Auch die Ausstellungsräume sind klar auf Vermittlung ausgelegt. Das Planetarium bietet einen umfangreichen Einblick in unser Sonnensystem. Dort finden sich nicht nur Bilder, sondern auch Globen, 3D-Modelle der Planeten, eine Sammlung von Raketenmodellen und Teleskopen sowie Darstellungen historischer und moderner Technik. Das Stellarium führt Besucher weiter in die Entwicklung und das Ende von Sternen, erklärt große Strukturen des Alls und arbeitet unter anderem mit Themen wie Sternentstehung, Galaxien, der Plasmakugel oder der wahren Ausdehnung des Sternbilds Orion. Der Geologische Schauraum wiederum verbindet Himmel und Erde: Dort werden erstarrte Lava, Minerale, Kristalle und echte Meteoriten präsentiert, darunter auch ein drei Kilogramm schwerer Stein aus dem All und Mondgestein. Wer nach planetarium regensburg sternwarte, stellarium regensburg oder geologischer schauraum sucht, findet hier also keine bloße Namensliste, sondern ein zusammenhängendes Bildungsangebot rund um Kosmos, Material und Zeit. ([sternwarte-regensburg.de](https://sternwarte-regensburg.de/sternwarte/ausstellungsraeume/planetarium/))

Gerade diese Mischung aus Beobachtung und Ausstellung macht den Ort außergewöhnlich.

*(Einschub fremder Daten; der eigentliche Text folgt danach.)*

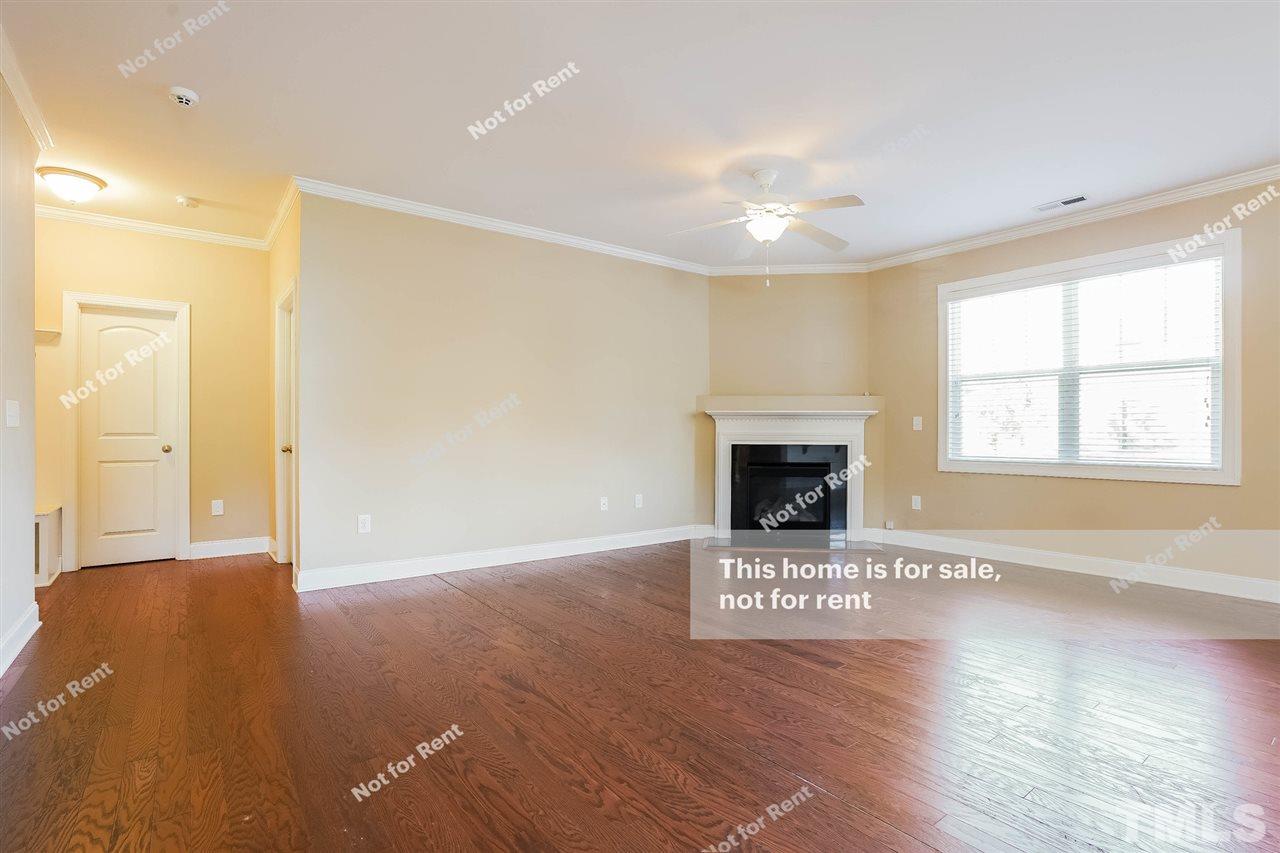 7549 Channery Way Raleigh, NC 27616 - Photo 5 of 27 a view of an empty room with window and fireplace
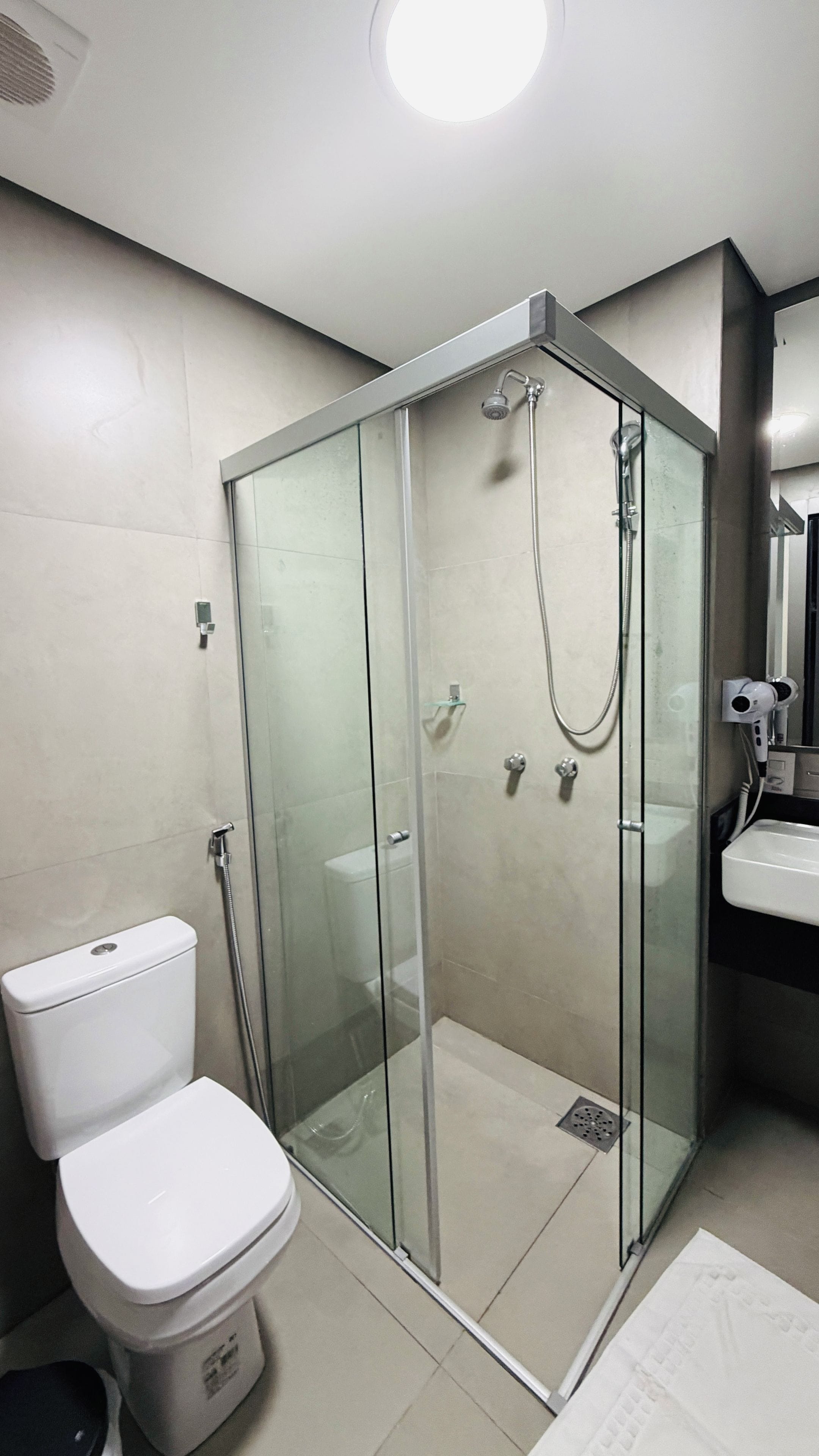 Un baño moderno con ducha envuelta en vidrio, inodoro y lavamanos.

Man kann nicht nur durch Teleskope schauen, sondern zugleich verstehen, was man sieht. Die historischen Instrumente in der Kuppel, die mobilen Teleskope auf der Plattform und die didaktisch aufgebauten Ausstellungsräume bilden eine Folge von Lernstationen, die sich gut ergänzen. Für viele Gäste ist das wichtig, weil Astronomie hier nicht abstrakt bleibt. Ein Blick auf den Mond, auf Jupiter oder auf das Sternentstehungsgebiet im Orion ist plötzlich verbunden mit Modellen, Gesteinen, Meteoriten und der Geschichte der Beobachtung selbst. Genau dadurch wird die Sternwarte zu einem Ort, an dem wissenschaftliche Neugier, anschauliche Präsentation und unmittelbares Sehen zusammenkommen. ([sternwarte-regensburg.de](https://sternwarte-regensburg.de/sternwarte/instrumente/))

Vorträge, Sonderführungen und Bildungsangebote

Die Sternwarte Regensburg ist mehr als ein Ort für den regelmäßigen Freitagabend. Auf der Website werden Führungen & Vorträge, Monatsvorträge, Astronomiekurse sowie Angebote für Schulen und Kindergärten prominent aufgeführt. Einmal im Monat ersetzt ein Spezialvortrag den regulären Einführungsvortrag zur Astronomie. Daneben gibt es zusätzliche Veranstaltungen, die auf verschiedene Zielgruppen ausgerichtet sind. Das macht die Sternwarte zu einem dauerhaften Bildungsort und nicht nur zu einer Sehenswürdigkeit mit Öffnungszeiten. Wer im Internet nach vortragsprogramm sternwarte regensburg oder astronomiekurse regensburg sucht, findet deshalb tatsächlich ein breites öffentliches Lernangebot, das über den klassischen Besuch hinausgeht. ([sternwarte-regensburg.de](https://sternwarte-regensburg.de/fuehrungen/))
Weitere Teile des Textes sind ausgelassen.